Australian visual artist

Gordon Hanley (born 9 September 1954) is an Australian visual artist based in Brisbane, Queensland, who paints in the realist and photorealist art style. A self-taught artist, his art mainly consists of paintings, drawings and masks. He creates watercolours of mainly urban scenes of small town Australia and highly detailed paintings of birds. More recently he has become involve din silverpoint drawing as well. Most of his recent work features drawings in 24ct gold and pure silver on paper with prepared grounds of his own design and development. His current work in this medium features in photorealist style.

==Education and early life==
Hanley was born in Southport, England and migrated to Australia with his parents in May 1960 as part of the assisted passage scheme. His family lived in Melbourne, Brisbane, and Sydney, followed by Park Ridge. He attended Beaudesert State High School (rural SE Queensland) and Randwick State High School (Sydney).

Hanley attended the University of New South Wales and then University of Queensland and holds a BSc, B.A. and Dip Ed. He served five years in the Royal Australian Navy. He then worked as a high school teacher while developing artistic skill and a portfolio.

==Art==
Hanley first exhibited his work 1988 at the Kenmore Gallery in Brisbane. In 1990 he held a solo exhibition of 40 watercolours there, and mounted a second one a year later. At the age of 37, Hanley then became a full-time artist. During the next decade he created about than 50 prints in open and limited edition format, after which he was Artist in residence at Queensland Museum. He joined the Royal Queensland Watercolour Society and the Queensland Wildlife Society.

Beginning in 2009, Hanley began to create drawings in metalpoint. After creating a number of works in the tradition of silverpoint drawing, he began to incorporate with gold as well.
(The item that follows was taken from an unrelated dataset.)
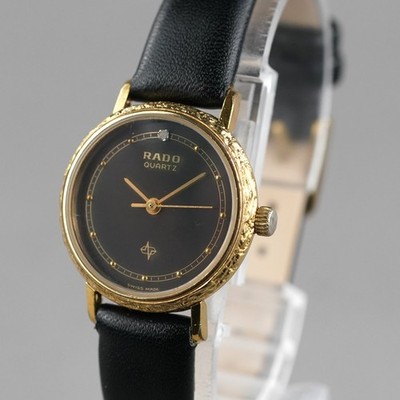 RADO 110.5113.2 Quartz Women's Watch Gold 24mm Vintage New Battery New Leather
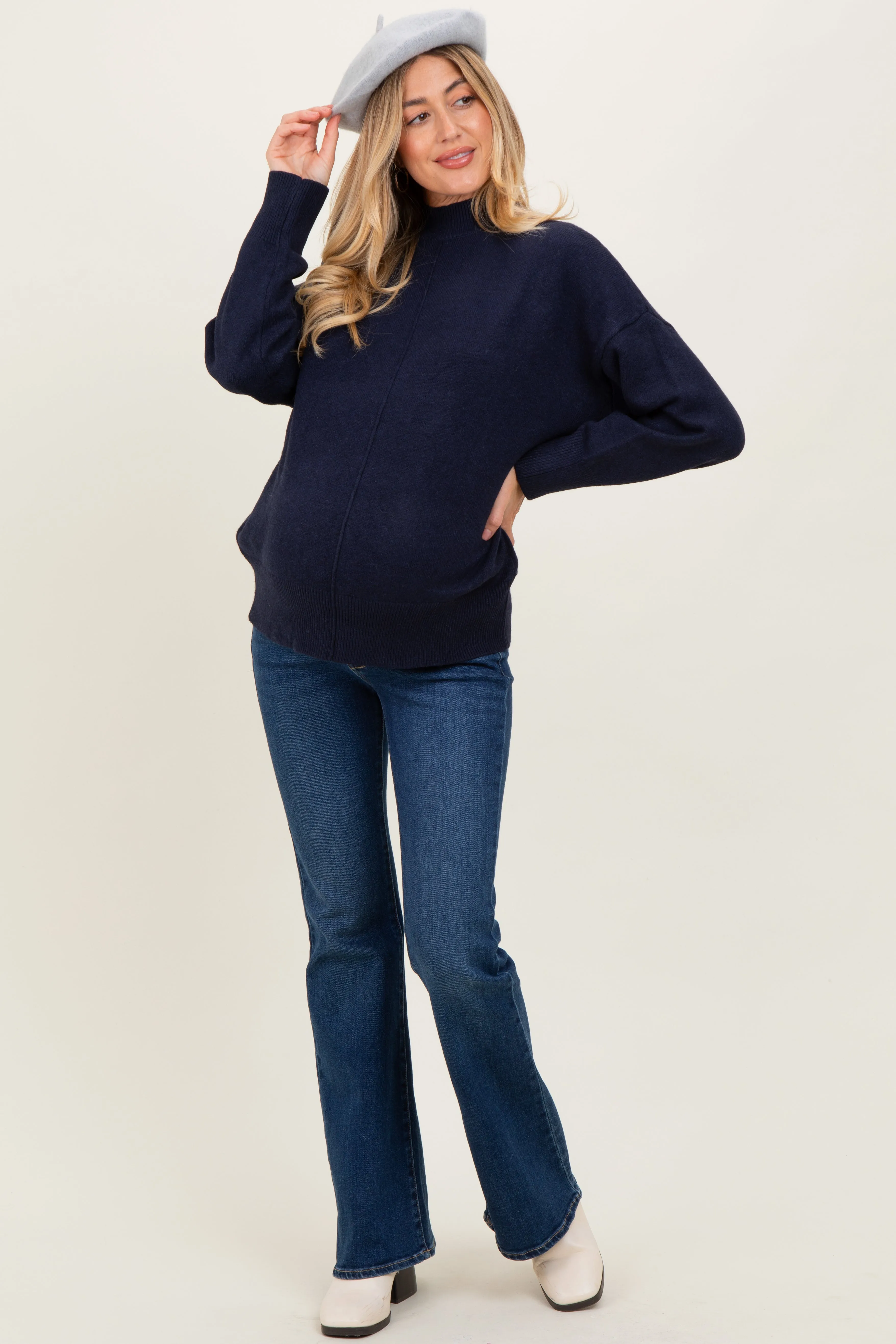Navy Front Seam Mock Neck Maternity Sweater sold by Pinkblush product image thumbnail 2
His work was featured in Australian Artist Magazine, and Artist's Palette. for which he later wrote several articles about his technique.

In 2014 Hanley's work was on display at Morpeth Gallery, NSW and the Aarwun Gallery in Canberra.

==Exhibitions==
- Kenmore Gallery Brisbane - 1998, 1990, 1991
- La Trobe ArtSpace Brisbane - 1992
- Ronald Coles Gallery Sydney - 1993, 1995
- Morpeth Gallery Hunter Valley - 1998, 2000, 2007, 2009, 2010, 2012
- Aarwun Gallery Canberra - 2001, 2011
- Galloway Gallery Brisbane - 2002
- Arthouse Gallery Brisbane - 2004
- Astras Gallery Gold Coast - 2010

==Book==
- Jewels Of Nature: The Parrots ISBN 0-646-41597-2 features over 120 paintings of parrots.